**AIM OF THE EXERCISE:** Omit the pictures, and output the rest of the entries exactly as written.

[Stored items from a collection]
>>>
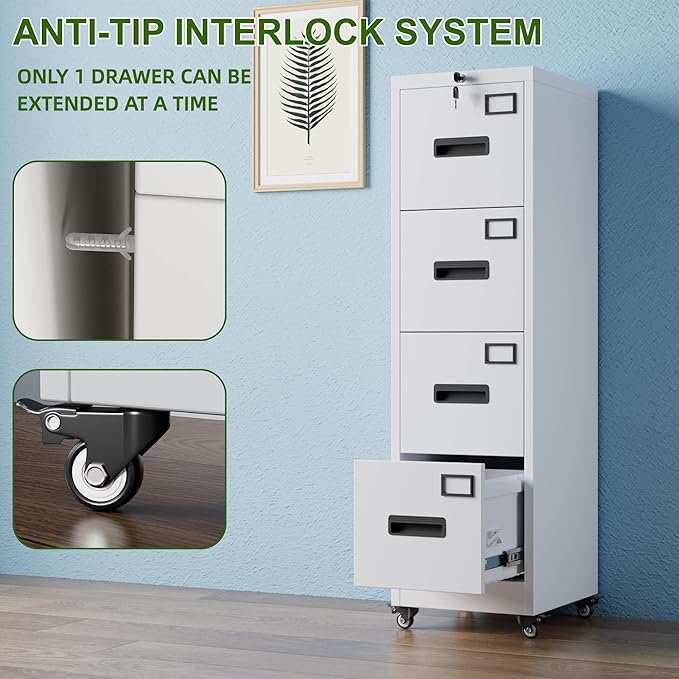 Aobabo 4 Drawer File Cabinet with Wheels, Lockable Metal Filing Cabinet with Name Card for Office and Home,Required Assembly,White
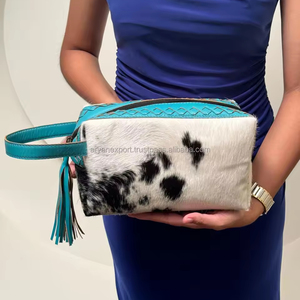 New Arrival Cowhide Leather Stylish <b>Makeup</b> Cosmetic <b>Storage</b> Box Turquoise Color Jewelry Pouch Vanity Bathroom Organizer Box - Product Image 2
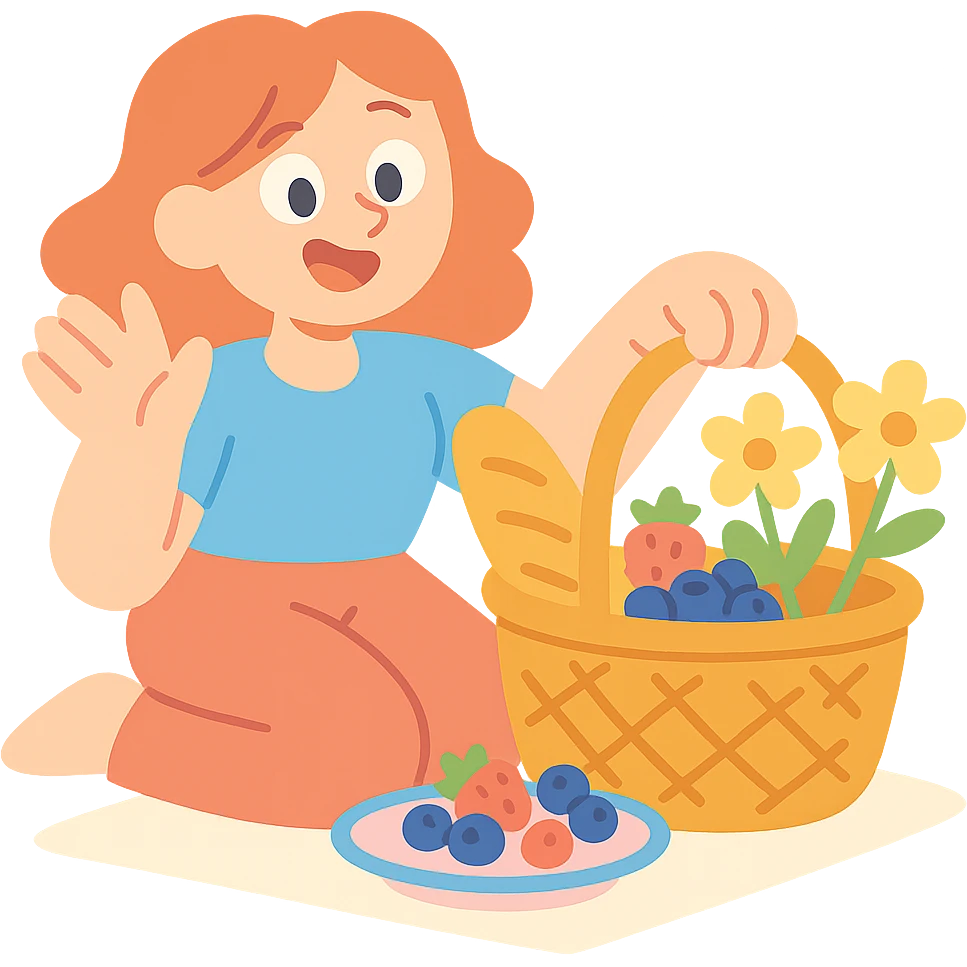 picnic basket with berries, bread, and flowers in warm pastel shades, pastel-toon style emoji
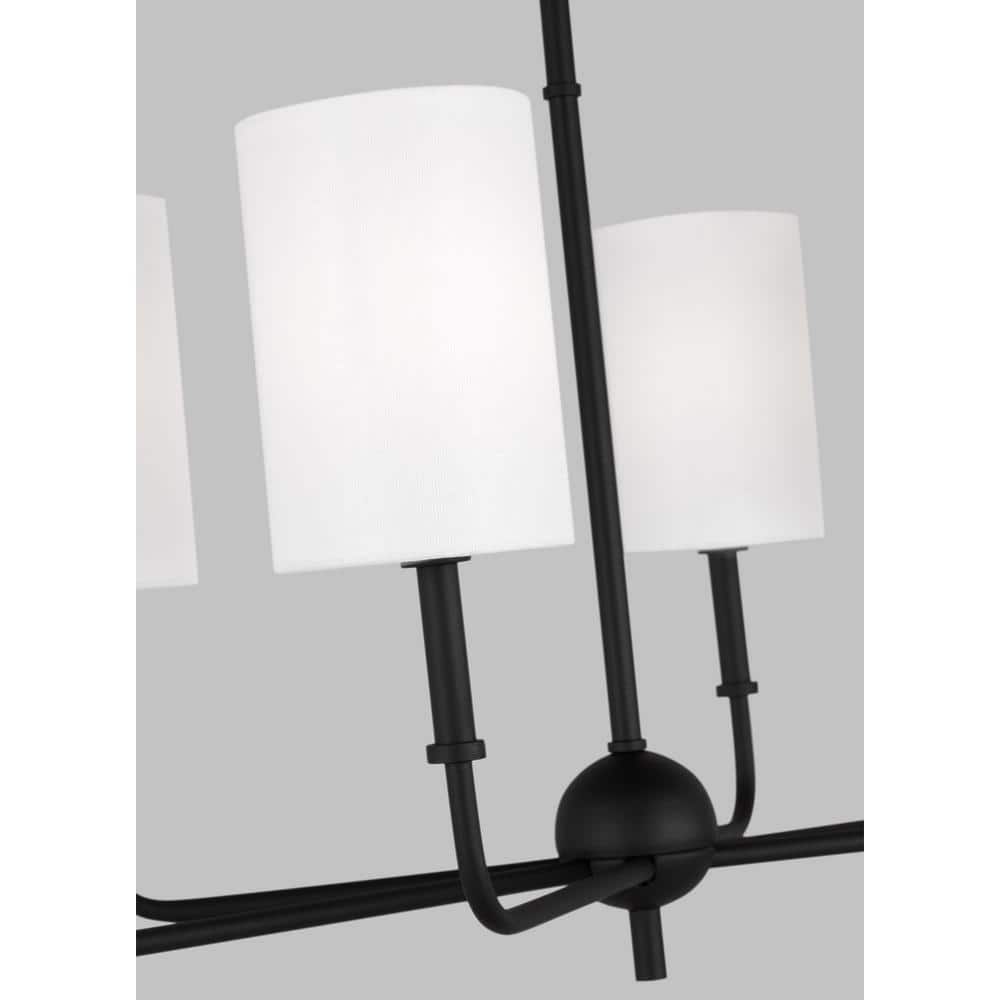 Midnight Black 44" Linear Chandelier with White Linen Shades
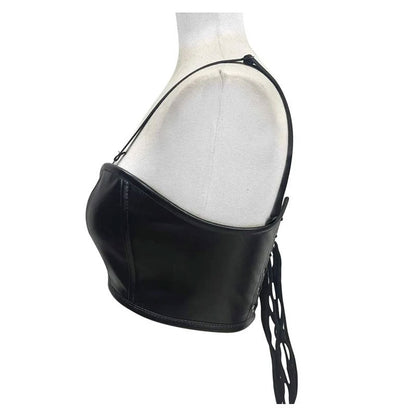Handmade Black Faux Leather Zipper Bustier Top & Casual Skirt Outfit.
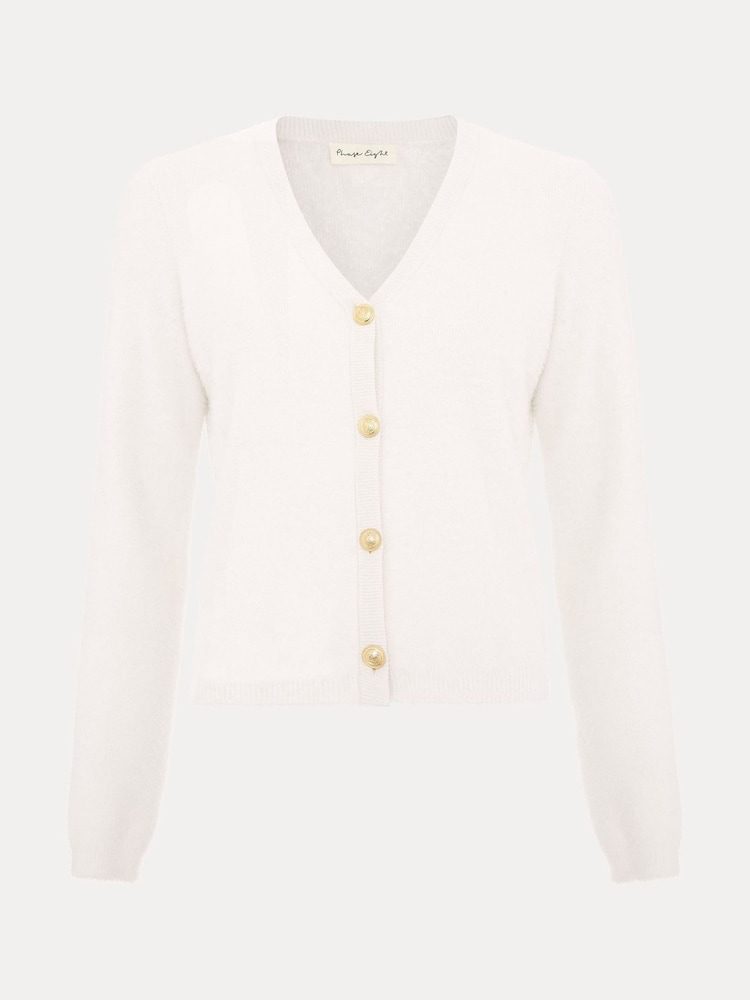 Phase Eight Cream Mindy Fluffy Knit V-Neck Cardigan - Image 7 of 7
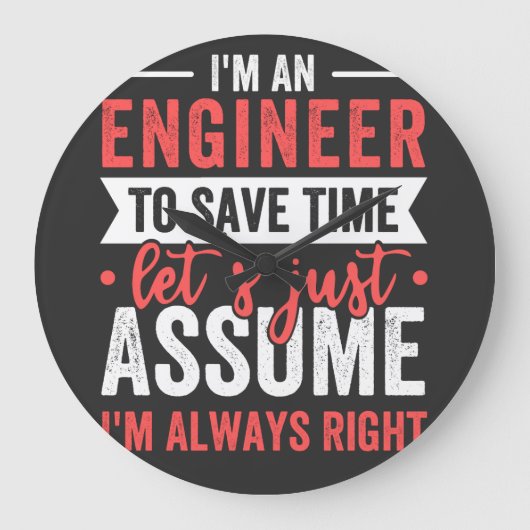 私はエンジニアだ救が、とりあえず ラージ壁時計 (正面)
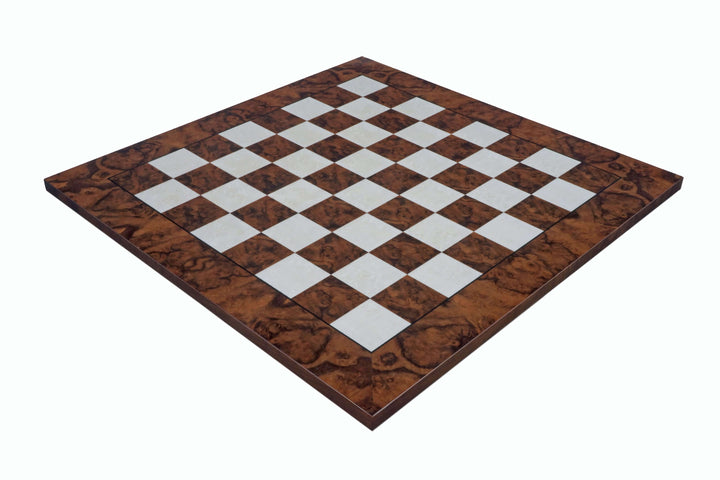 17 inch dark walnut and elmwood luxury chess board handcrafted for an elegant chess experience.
<<<
**SOLVED PROBLEM:**
 Aobabo 4 Drawer File Cabinet with Wheels, Lockable Metal Filing Cabinet with Name Card for Office and Home,Required Assembly,White
 New Arrival Cowhide Leather Stylish <b>Makeup</b> Cosmetic <b>Storage</b> Box Turquoise Color Jewelry Pouch Vanity Bathroom Organizer Box - Product Image 2
 picnic basket with berries, bread, and flowers in warm pastel shades, pastel-toon style emoji
 Midnight Black 44" Linear Chandelier with White Linen Shades
Handmade Black Faux Leather Zipper Bustier Top & Casual Skirt Outfit.
 Phase Eight Cream Mindy Fluffy Knit V-Neck Cardigan - Image 7 of 7
 私はエンジニアだ救が、とりあえず ラージ壁時計 (正面)
 17 inch dark walnut and elmwood luxury chess board handcrafted for an elegant chess experience.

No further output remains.